Credit risk assessment of Chinese real estate enterprises is crucial to commercial banks for control financial risk. However, accurately evaluating credit risk in this industry is challenging due to its distinctive characteristics. Firstly, the Chinese real estate industry is heavily influenced by the government, requiring a novel credit risk evaluation index for real estate enterprises that is tailored to the Chinese market. Secondly, information related to the operations of Chinese real estate enterprises is rarely disclosed, leading to high uncertainty in credit risk evaluation. To address this challenge, this study proposes a PHFLTS-PROMETHEE method for evaluating the credit risk of Chinese real estate companies. The main contributions and innovations of this study are summarized below:

  • This study develops a credit risk assessment index for Chinese real estate enterprises, utilizing both quantitative and qualitative indicators that reflect the unique characteristics of the industry. The index provides commercial banks with assessment criteria and contributes to the research on credit risk assessment for Chinese real estate enterprises.

  • This study proposes the PHFLTS-PROMETHEE method for evaluating credit risk in Chinese real estate enterprises. This method utilizes the defined PHFLTS distance measurement and replaces the traditional PROMETHEE method. The extended PHFLTS-PROMETHEE method can be applied for expressing the evaluation information in PHFLTS, and the preference function in the PROMETHEE method is replaced by a possibility degree, improving its applicability and accuracy. The PHFLTS-PROMETHEE method can overcome the challenge of a lack of operational data in the Chinese real estate industry and has the advantage of integrating subjective judgment under both quantitative and qualitative indicators.

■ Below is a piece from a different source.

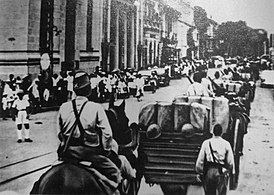Imperial Japanese soldiers entering Saigon in 1941, during World War II.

  • The study presents a comprehensive weight distribution model that enhances the rationality of decision-making. The model determines objective weights of experts by calculating the similarity measure between evaluation information provided by experts, while subjective weights are determined based on their experience and reputation. The study integrates the obtained objective and subjective weights to obtain comprehensive weights for experts, which improves the accuracy and reliability of the decision-making process.

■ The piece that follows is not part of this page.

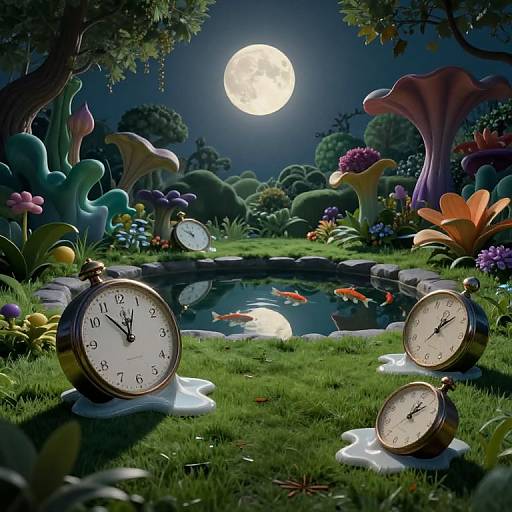 Fantastical moonlit garden with glowing mushrooms, pond, koi fish, and two antique clocks standing on grass under a full moon.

  • This study demonstrates the effectiveness of the PHFLTS-PROMETHEE method through empirical analysis of bank loans towards real estate enterprises and comparative analysis with similar methods. The comparative analysis reveals that the PHFLTS-PROMETHEE method is flexible in various decision-making contexts and can produce reliable results, thus confirming the validity and practicality of the approach.

Future direction

This study presents an effective method through empirical analysis of bank loans towards real estate enterprises, demonstrating its flexibility in various decision-making contexts and ability to obtain reliable results. However, the proposed PHFLTS-PROMETHEE II method may require further improvement, particularly regarding the simultaneous involvement of subjective and objective weights in determining the weights of criteria. Future research will focus on developing accurate, efficient, and general methods to analyze the credit risk of real estate companies in practical applications. For example, the evaluation of quantitative indicators can be improved using scientific and reasonable methods such as the KMV model. Additionally, future research will focus on allocating credit funds based on the credit risk of real estate development enterprises and the loan amount they apply for. This approach will ensure reasonable allocation of resources and mitigate financial risks for commercial banks.

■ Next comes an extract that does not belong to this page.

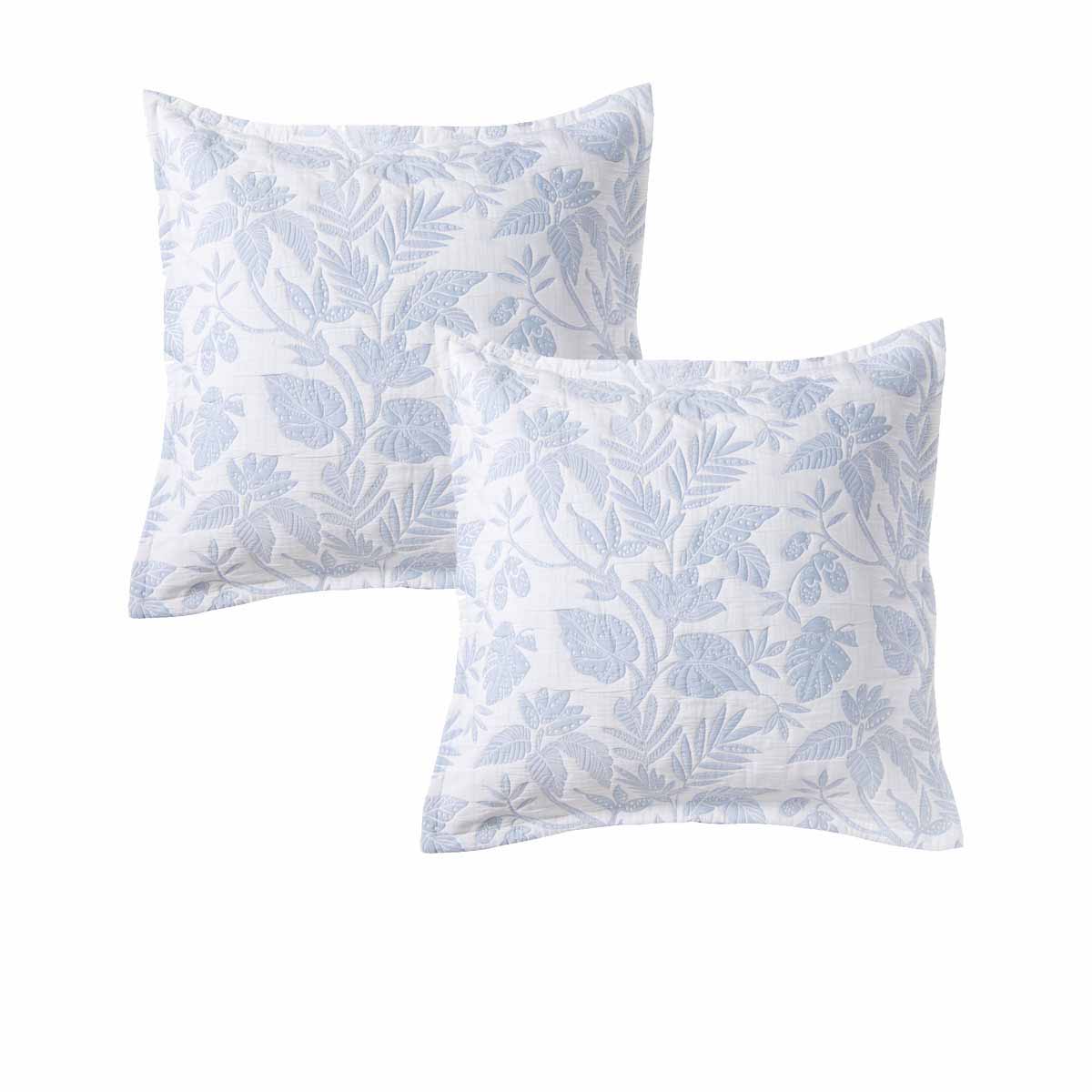 Bianca Pair of Laurieton White European Pillowcases 65 x 65cm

Despite its effectiveness, this study has certain limitations. Firstly, the amount of data is limited, as only five enterprises were considered for credit risk rating. Future research should focus on big data analysis to provide a more comprehensive understanding of credit risk in the Chinese real estate industry. Additionally, the reliability and quality of data should be improved for more accurate analysis. Advanced subjective evaluation processing techniques can also be explored in future research to process expert evaluations. To promote and deepen continuing research, further studies should investigate new issues and potential areas of improvement.